What to work on >> Everything from the line with "丁主任人工心脏起搏器与麻醉简版ppt课件.ppt_第3页" down to the line with "Figure 1. SDS-PAGE" below must be printed exactly, those two lines included. Exclude pictures.

Source information >>
= = = = = = =
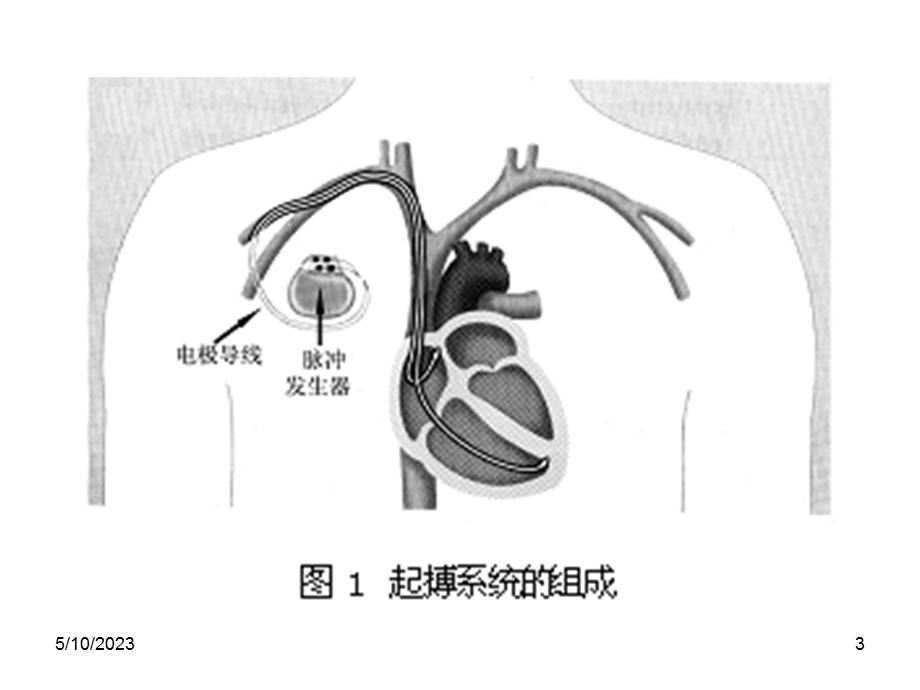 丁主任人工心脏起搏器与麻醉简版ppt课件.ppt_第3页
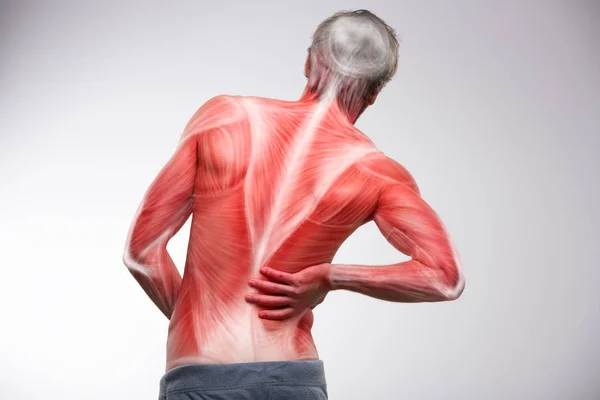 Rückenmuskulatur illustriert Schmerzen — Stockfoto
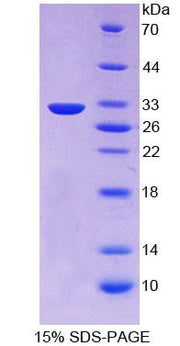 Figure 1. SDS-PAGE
= = = = = = =
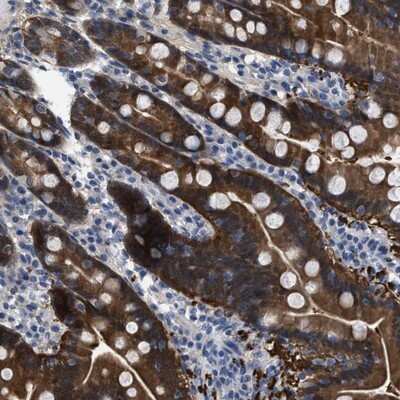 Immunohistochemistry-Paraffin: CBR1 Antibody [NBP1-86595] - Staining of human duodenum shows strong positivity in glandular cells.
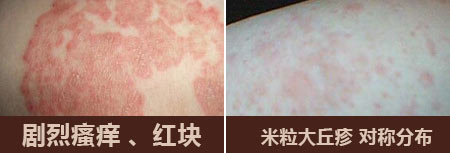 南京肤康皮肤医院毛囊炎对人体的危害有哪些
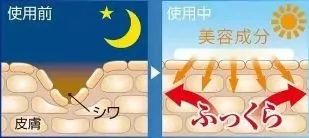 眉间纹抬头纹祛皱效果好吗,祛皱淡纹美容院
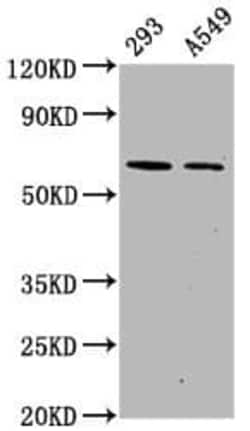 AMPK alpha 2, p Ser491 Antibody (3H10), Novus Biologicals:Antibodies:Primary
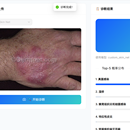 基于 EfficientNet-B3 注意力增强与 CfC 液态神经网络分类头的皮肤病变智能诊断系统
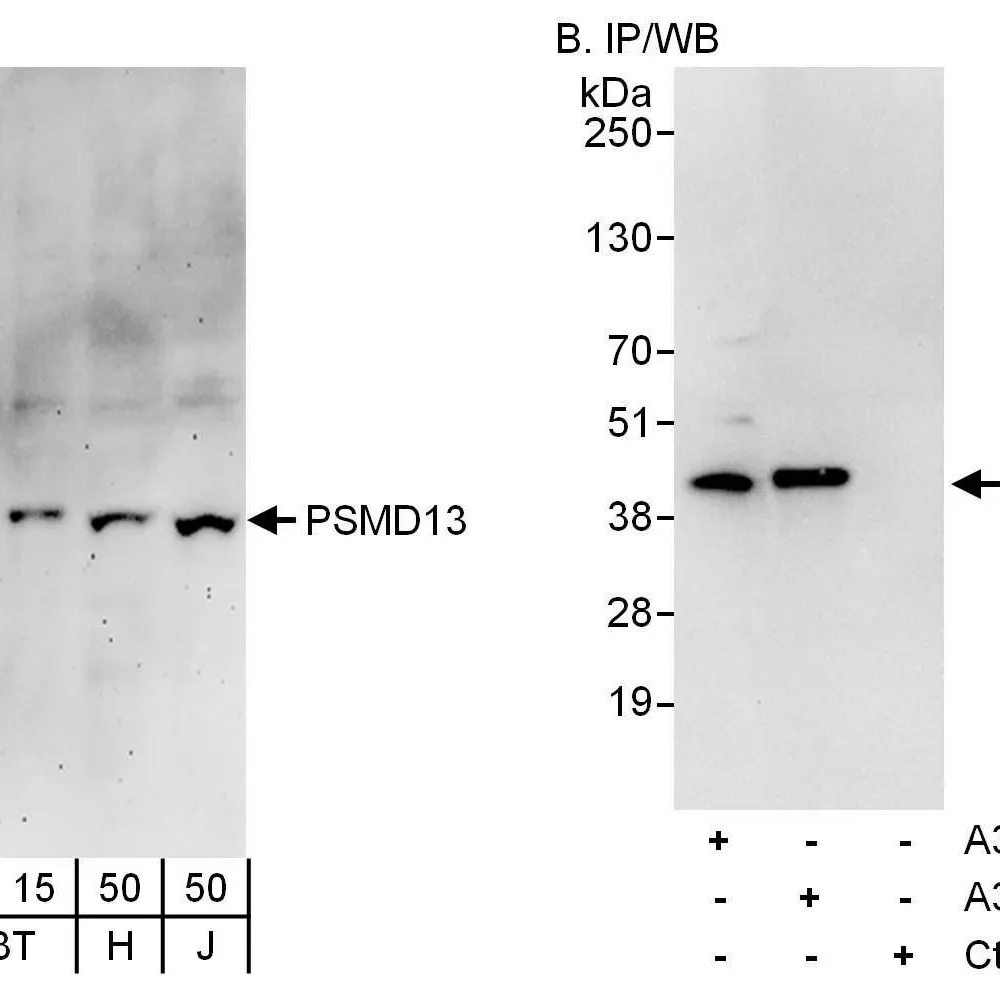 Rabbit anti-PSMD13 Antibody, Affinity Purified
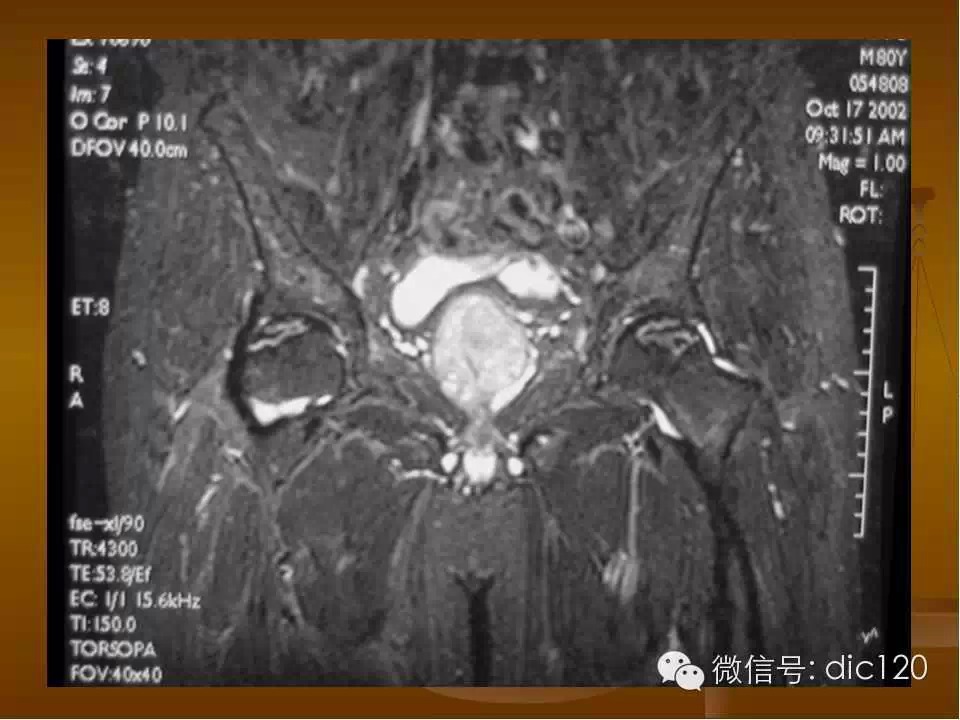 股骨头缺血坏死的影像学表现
= = = = = = =
Task solution >>
 丁主任人工心脏起搏器与麻醉简版ppt课件.ppt_第3页
 Rückenmuskulatur illustriert Schmerzen — Stockfoto
 Figure 1. SDS-PAGE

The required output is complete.